67 adult patients underwent diagnostic polysomnography and retinal vessel imaging between April 2015 – December 2016. Patients were stratified into four clinical severity groups based on their apnoea-hypopnoea index (AHI, events/hour): controls (<5), mild (≥5 to <15), moderate (≥15 to <30), and severe OSA (≥30). Following their sleep study a subset of patients were offered CPAP at the discretion of a sleep physician. At a 24-month follow up, patients had OCT-A scans taken on Spectralis OCT-A (Heidelberg Engineering, Germany). Vessel density was analysed on images of the macula and optic nerve head (ONH) using ImageJ software. Exclusion criteria included the presence of glaucoma, prior optic neuropathy or retinopathy and media opacities.

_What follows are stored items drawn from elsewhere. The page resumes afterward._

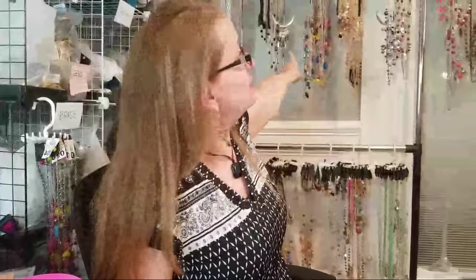Pegboards work great if you have the space — that's why you can walk around the room and stand up — but I don't have the space. I don't even sell off the jewelry I have displayed on the wall; those are just my backdrop to look professional. I sell from the baggies.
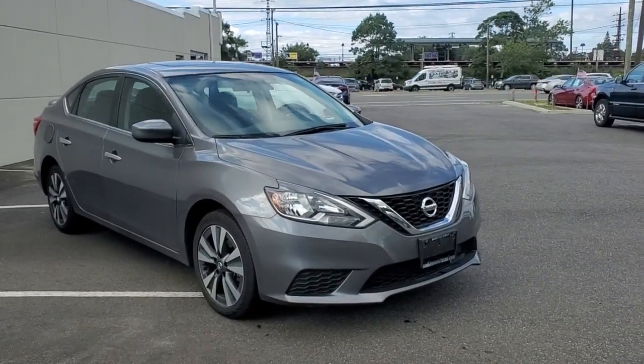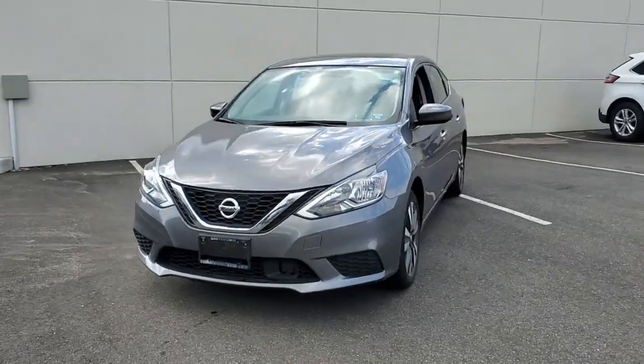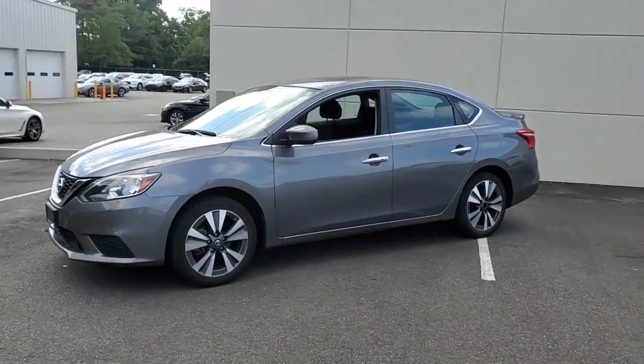You will love the features of this 2019 Nissan Sentra. Comfort, convenience, safety, and fun are all yours in the sleek and spirited Sentra.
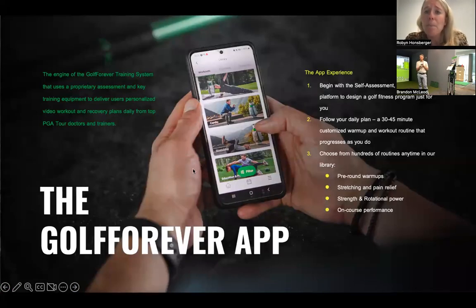The app always starts with a self-assessment, which allows our platform to design a golf fitness program for your needs. We look at three different movements, what equipment you have available, and then create a 30 to 45 minute customized warmup and workout routine that progresses as you do. There are hundreds of different routines in your library — pre-round warmups, stretching and pain relief, strength and rotational power, and on-course performance. I personally use this as part of my core training, not only for golf but for everyday health and wellness, and I've seen a lot of value personally.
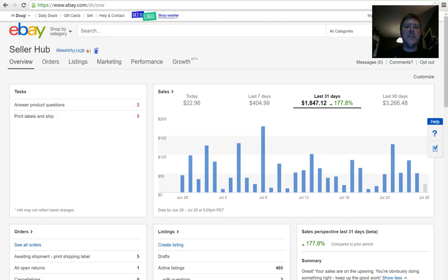What's going on YouTube, this is Doug with Life is Shirty. I got another sales update for you today. It's been a couple of weeks. I wanted to show you my seller hub right now. I said I wanted to get this number up to about 2,000 for the last 31 days. I'm not quite there, but I have greatly improved my sales because I've been grinding, listing, and sourcing. I've increased my sales 177.8 percent, which is fantastic.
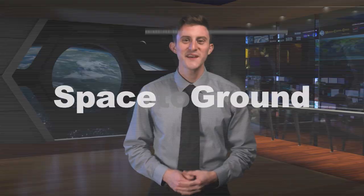Houston Station on Space to Ground. Welcome to Space to Ground. I'm Gary Jordan. More cargo made its way in the fast lane to the International Space Station.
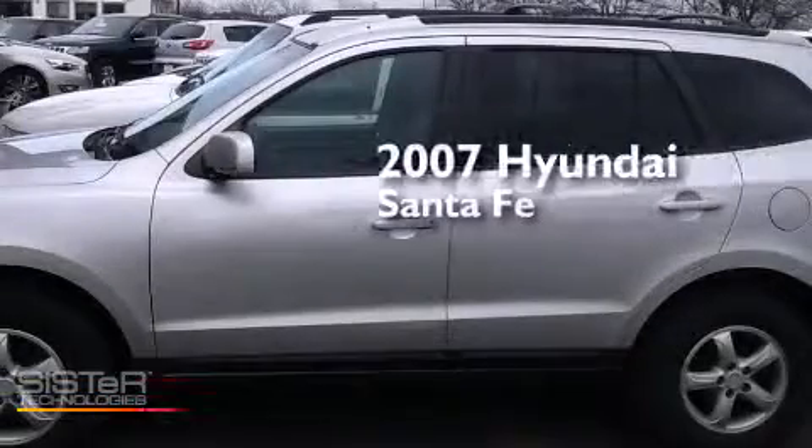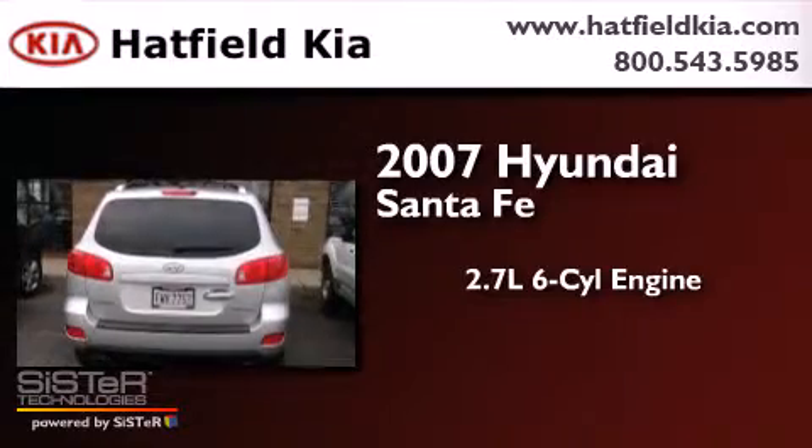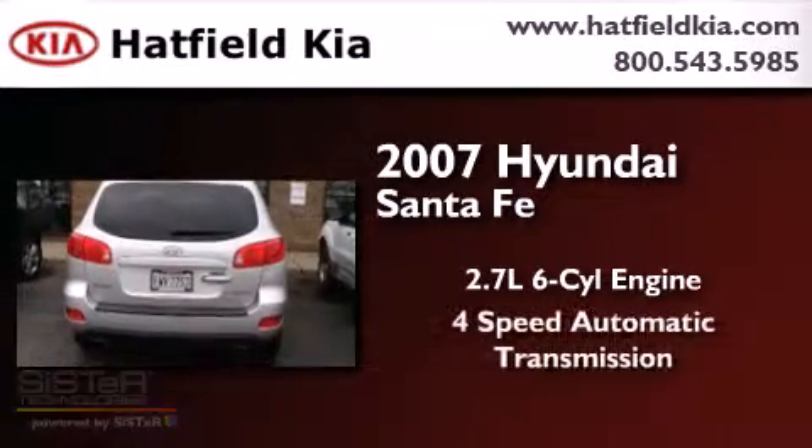This is a 2007 Hyundai Santa Fe. It features a 2.7 liter 6-cylinder engine and a 4-speed automatic transmission.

Of the 67 participants (45 males; mean age 62.3), there were 9 controls, 16 mild, 18 moderate and 24 severe OSA participants. Vessel density was negatively correlated with clinical severity by AHI but this did not reach statistical significance at the superficial vascular complex (SVC), deep vascular complex (DVC) or optic nerve head (ONH) (p = 0.072, 0.206, 0.294, respectively). However, for those not using CPAP, vessel density was significantly and negatively correlated by AHI at the macula (SVC p = 0.010, DVC p = 0.049). Compliant CPAP use abolishes this trend. Vessel density was also significantly and negatively correlated by AHI for diabetic patients in the cohort (SVC p = 0.013, DVC p = 0.042).
Our results show that retinal vessel density is negatively correlated with AHI in untreated individuals and that adequate use of CPAP abolishes this trend. Untreated OSA in combination with diabetes has the propensity to significantly worsen vascular outcomes.
This is a 2021 ARVO Annual Meeting abstract.